Advent waits for the coming of the Kingdom of God in its fullest. Messiah, Jesus, will bring all things to resolution, to judgment — yes — and to redemption. There is an end in sight. That can be good news. That can be bad news. The end can be anticipated. The end can be dreaded. Its coming can be awaited faithfully. Its coming can be driven from consciousness. 
The realities we live in can be treated like a plastic ballpoint pen — disposable and dispensable and therefore of little meaning past the present. They can be tended like an ink pen — carefully and deliberately tended and valued.
Time can be treated as a surprise — a sudden moment that just shows up but has not been awaited. Time can be treated as the slow swing of the hands on the dial — a space anticipated to end in orderly fashion by orderly movement.
There is always the temptation to play off the world of hope against our world, to talk only of the “not yet” or only of the “here and now.” Redemption is always present and also coming as is judgement. (Bethel Declaration) Believers know that they are tending to both worlds at all times. They see the space between now and not yet as if on a watch-dial. They tend the things of life not as disposable but worthy of care though both, steward and creation are finite. 
In the words of the Bethel Declaration:
In view of God, all history is history of the end; for He is the end, that is, the cancellation of history. This is why every moment is a last moment for the believer and an incomprehensibly great gift of the patience of God who once more gives room for the decision.
In view of the world, every moment is at the same time end and beginning, result and cause, and therefore a call to shape the future anew. This is why every moment is a gift of the grace of God for the believer which orders the creatureliness, by which he is called to work and act.

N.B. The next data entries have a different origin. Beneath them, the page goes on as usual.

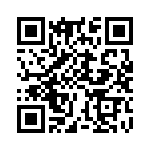 CTVP00RW-17-6S QRCode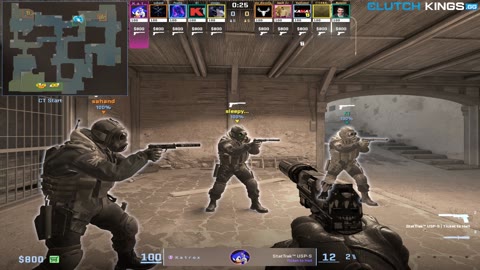 Clip #118253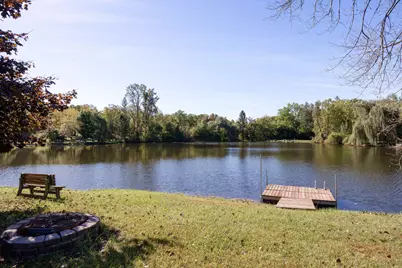 12175 Watkins Road, Brooklyn, MI 49230 - Photo 17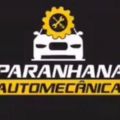 Paranhana Automecanica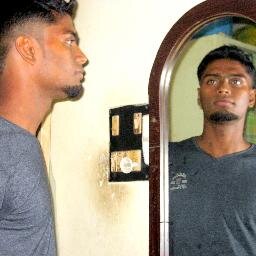 VinothK06962468's profile picture. 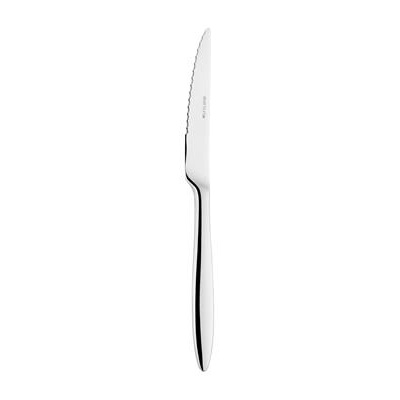 Tafelmes Mono 21.9cm Sonate 977/05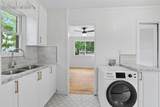 226 Prospect Street - Photo 24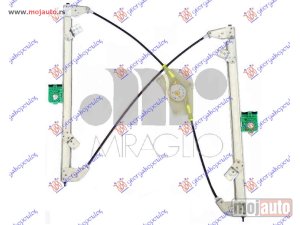 Glavna slika -  Podizac prozora - MojAuto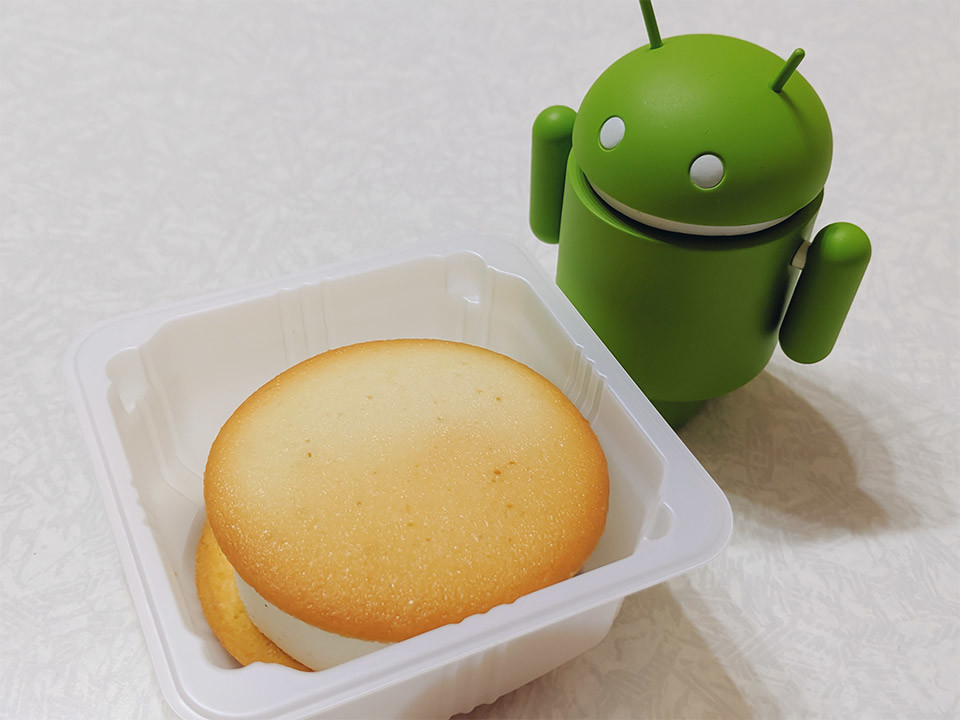 f:id:c-miya:20190528212258j:plain f:id:c-miya:20190528212258j:plain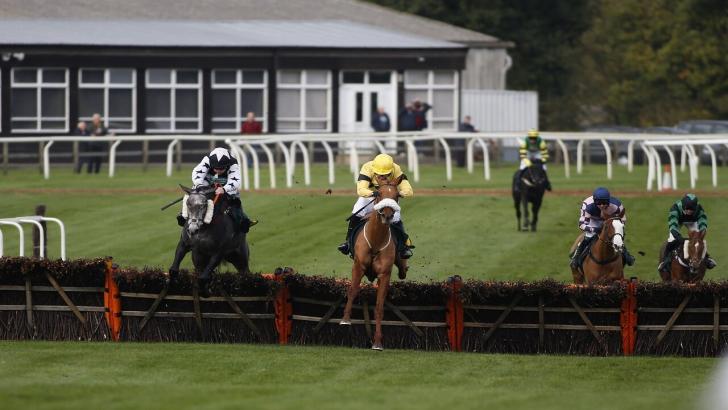 Fakenham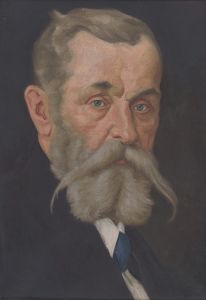 Svetozár Hurban Vajanský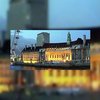 MINA koopt 42 Marriotts voor 603 miljoen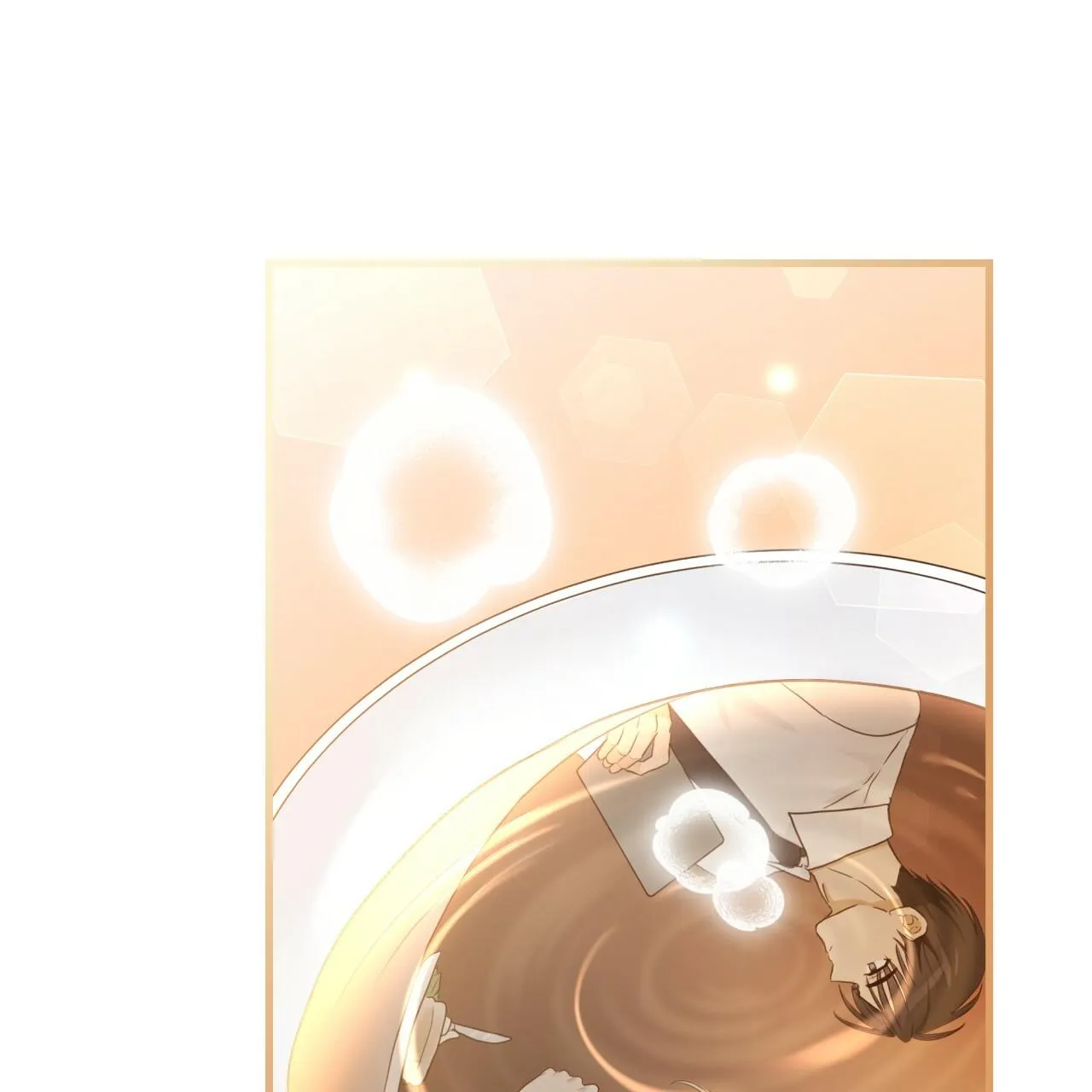 NGỌT NGÀO NÀY ĐỀU LÀ THẬT SAO? Chapter 3 Trang 53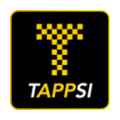 Easy Tappsi icon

Only where both are fully present – the total devotion to the historical moment and the total detachment from it – can the individual as well as the church speak and act rightly.
The end of history is not brought about by human effort, but is established by God in the return of Christ and in his judgment.
This was written into a time when the German government was held hostage to the apocalyptic utopian visions of a mad man while the church was all too happy to speak of the “here and now,” a phrase that actually occurs in the Ansbacher Consultation, the statement of German theologians welcoming the rise of history’s number one bad boy.
To live Christian is to live as a one traveling Advent. We “see”  time as a definite space before us that ends in God’s eternity. We are not surprised by its end, the fig tree will give its lesson. (Lk 21:31) We steward creation around us with deliberate care in the memory of the ever lessening space on the dial. We tend it in a state of calm, not being terrorized by the news around us because Faith tells us that at the end we raise our heads to see our salvation. (Lk 21:28) We steward it for the sake of the one who gives every atom, every electron of it and hopes to loose none of it. (Ro 8:19-20)
More important, Faith has no demands on the kingdom that will come. It will receive it as salvation allowing only God to give it shape. It will receive it as God’s doing, as yet unseen and unimagined here on earth but with its blueprint firmly established in the heart of the Holy Trinity. Faith longs for no less than a Kingdom all of God’s design. Its coming will not surprise us but its grace will because it will be the disclosure of the depth of love in the heart of the Almighty. 

For now, we pray that we for endurance to see all these things, not falling despair on the way there or surrendering the thirst for God to a sip of the world’s potions that only lead to dissipation and stupor, leaving us too blind to see the King. Our salvation is at hand.